Antibiotics provide massive support to eukaryotic organisms as they resist pathogens. These substances impede the growth of bacteria or kill them off. Unfortunately, they also select bacterial strains that show resistance to the chemicals. Is it just a consequence of the improper use of this former panacea? Or a kind of arms race on a microscale?

Modern research, however, no longer views pathogens as mere illness-causing intruders, but as organisms optimally adapted to life in the host. Therefore, studying the biochemical interactions of hosts and infectious agents may be the key to finding novel strategies to fight the diseases that result from them. This work involves answering a number of questions such as how pathogens obtain nourishment and reproduce in their hosts. How do hosts react to unwanted guests? And how do disease agents manage to circumvent immune defenses?

This latter phenomenon, called "immune evasion", is crucial in the development of disease. A detailed understanding of how it occurs will likely be essential in finding the next long-term solution to dangerous infections.

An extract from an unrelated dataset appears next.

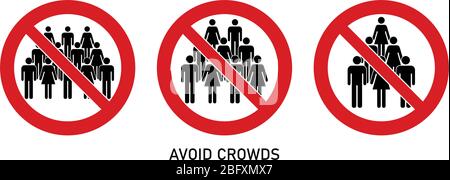 Avoid crowds social distancing sign. Group of people drawing in red crossed circle. Icon can be used during coronavirus or covid19 outbreak Stock Vector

Wolves in Sheep’s Clothing

The complement system is the first barrier that illness-causing germs must overcome upon entering the body. This system involves interactions between more than 40 proteins, phagocytes and antimicrobial peptides, and it provides a quick and effective response to most intruders. It is a part of the innate immune response and was neglected for a long time in research, overshadowed by the apparently more sophisticated adaptive immune system. Today we know that the complement system is crucial in terms of bacteria's immune evasion, and a better understanding of its biology may be useful in the design of novel therapies.

Highway to health: High-throughput tools like microarrrays accelerate research of the complex interactions between hosts and pathogens. © Mangapoco / Wikipedia
Highway to health: High-throughput tools like microarrrays accelerate research of the complex interactions between hosts and pathogens. © Mangapoco / Wikipedia

The proteins of the complement system circulate through the blood plasma and ward off invaders, sparing only cells that have the right “identity card”. Normally the immune system doesn't attack healthy tissues because they are protected by molecules on their surfaces or which circulate in the plasma. A key player in this system is the protein factor H. It helps distinguish "friend from foe" by administering a test – it binds to human molecules, but not those of foreign origin. Some microorganisms cheat by trapping factor H on their surfaces with the help of "CRAS" proteins ("complement regulator-acquiring surface proteins"). Like wolves dressed in sheep’s clothing, this allows them to slip past the complement system without being recognized.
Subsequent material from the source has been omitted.